Ainsi l’éditeur Albert Skira (avec Picasso, Dali, Derain, Matisse, Masson et des auteurs comme Ovide, Virgile, Rabelais, Ronsard, Mallarmé, Malraux…), les éditions d’Aimé Maeght, (avec Kafka /Atlan, Tzara / Miro, Bonnefoy / Ubac, Reverdy / Braque, Calder / Prévert…), les éditions d’Iliazd, (André Frénaud, André du Bouchet, avec Giacometti, Max Ernst, Picasso…), les éditions de Tériade, (Théocrite, Gogol, Charles d’Orléans, Shakespeare, Jarry, La Fontaine et Chagall, Miro, Léger, Matisse…), les éditions de Pierre Lecuire (avec Nicolas de Staël, Lanskoy…), les éditions Louis Broder (Claudel, René Char, Crevel, Desnos, Apollinaire, Braque, Léger, Picasso, Arp…), ou encore Pierre André Benoit – la liste est longue et impressionnante et se poursuit bien sûr encore plus riche et variée de nos jours !

Sans prétendre faire ici un historique exhaustif, il est important de remettre dans son contexte l’apparition de ce double moyen de mise en valeur mutuelle de l’œuvre de peintres et de poètes. Cependant ces ouvrages de bibliophilie de haute qualité n’auraient pas pu être réalisés uniquement par les artistes eux-mêmes. Ils ont pu être édités grâce à l’aide financière de marchands de tableaux et diverses entreprises de mécénat. Aujourd’hui, ce sont des sociétés bibliophiliques et des associations qui poursuivent cette tradition en récoltant les fonds de leurs membres et mécènes collectionneurs, tout en sollicitant la collaboration d’artistes et poètes pour créer des éditions dont la rareté et la qualité seront les garants de leur valeur esthétique autant que marchande.

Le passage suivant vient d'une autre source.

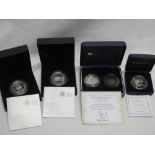 Two 2009 Henry VIII silver proof crowns,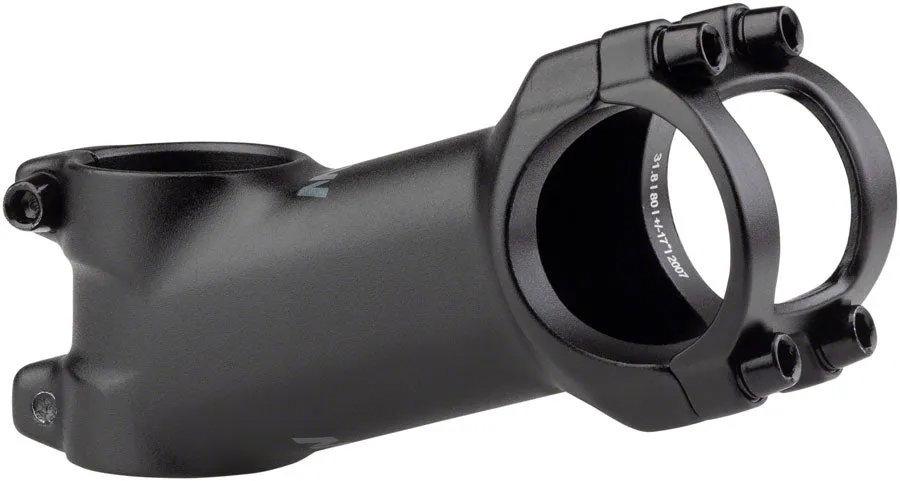 MSW 17 Stem - 80mm 31.8 Clamp  /-17 1 1/8" Aluminum Black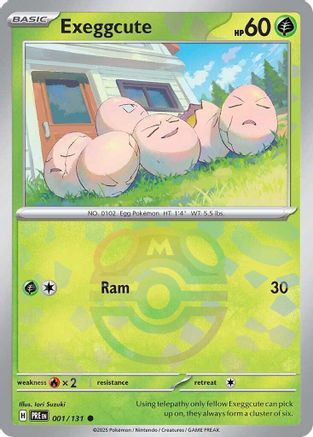 Exeggcute (Master Ball Pattern) 1 - SV Prismatic Evolutions Pokemon - Single Cards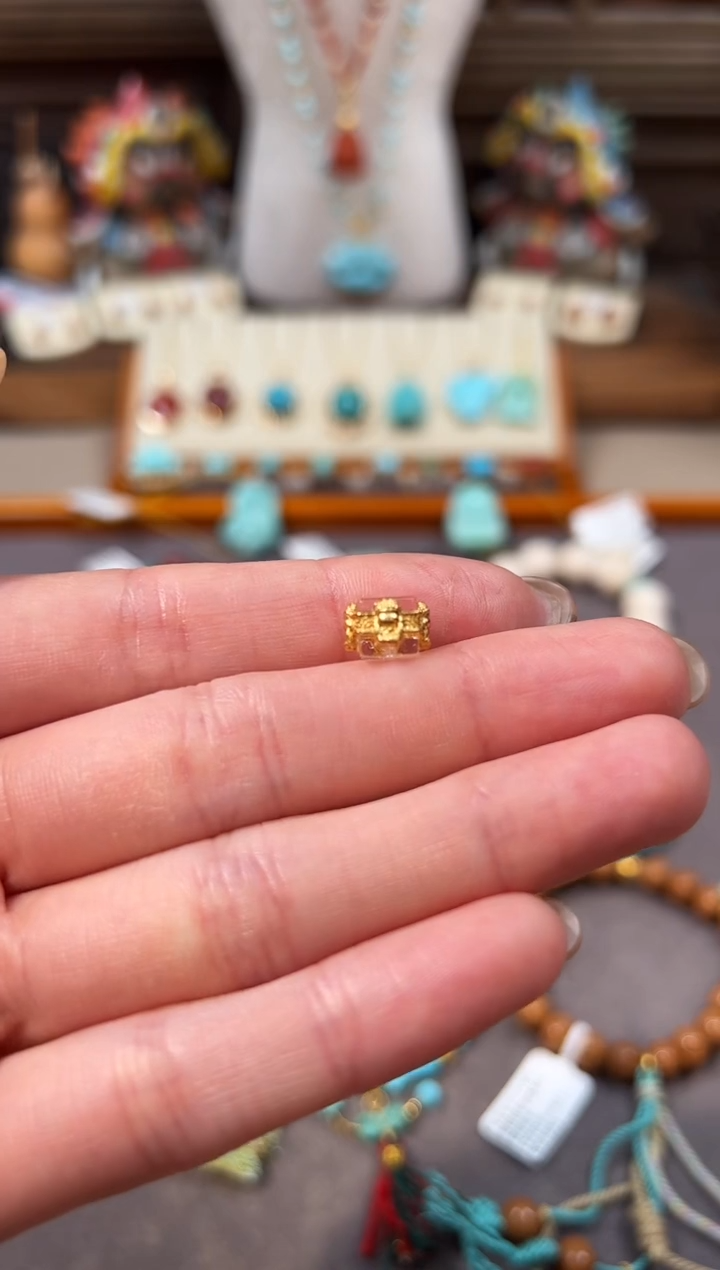 银S925镶嵌珠宝半成品水晶水晶配饰四面佛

Mon travail artistique, aux éditions Le Silence qui roule, ne se situe aucunement dans ce dernier contexte car je n’ai pas fondé de structure associative, et je suis seule responsable de mon projet éditorial. Il est cependant assimilable à la bibliophilie contemporaine par mon souci de créer des livres de grande qualité. Il reste qu’il est nécessaire de prendre conscience de l’évolution de cette notion qui s’est progressivement diversifiée depuis la seconde moitié du XXème siècle jusqu’à nos jours jusqu’à prendre des formes et objectifs multiples pour des publics très différents.

  • LIVRE D’ARTISTE

J’entends par « livre d’artiste », un travail de création du livre lui-même en tant qu’objet poétique, intégrant dans sa conception l’œuvre graphique ou plastique d’un artiste (ou parfois plusieurs), celui-ci pouvant être à la fois l’architecte du livre et l’auteur des œuvres visuelles (de toutes techniques) qui l’animent. C’est une notion beaucoup plus libre et plus souple que celle de bibliophilie contemporaine qui n’implique d’ailleurs pas nécessairement la présence de la poésie écrite. Ce peut être simplement le livre d’un artiste (avec ses écrits, photos, notes, sur des papiers ordinaires… etc.) comme on le voit dans les collections de livres d’artistes (conceptuels par ex.) qui sont de plus en plus recherchées à l’heure du tout numérique et du brouillage des repères artistiques. Il n’y a aucune norme pour définir le livre d’artiste, puisque c’est sa singularité même qui retient l’attention et lui donne sens, par son engagement dans les courants artistiques de référence ou, au contraire, par sa marginalité.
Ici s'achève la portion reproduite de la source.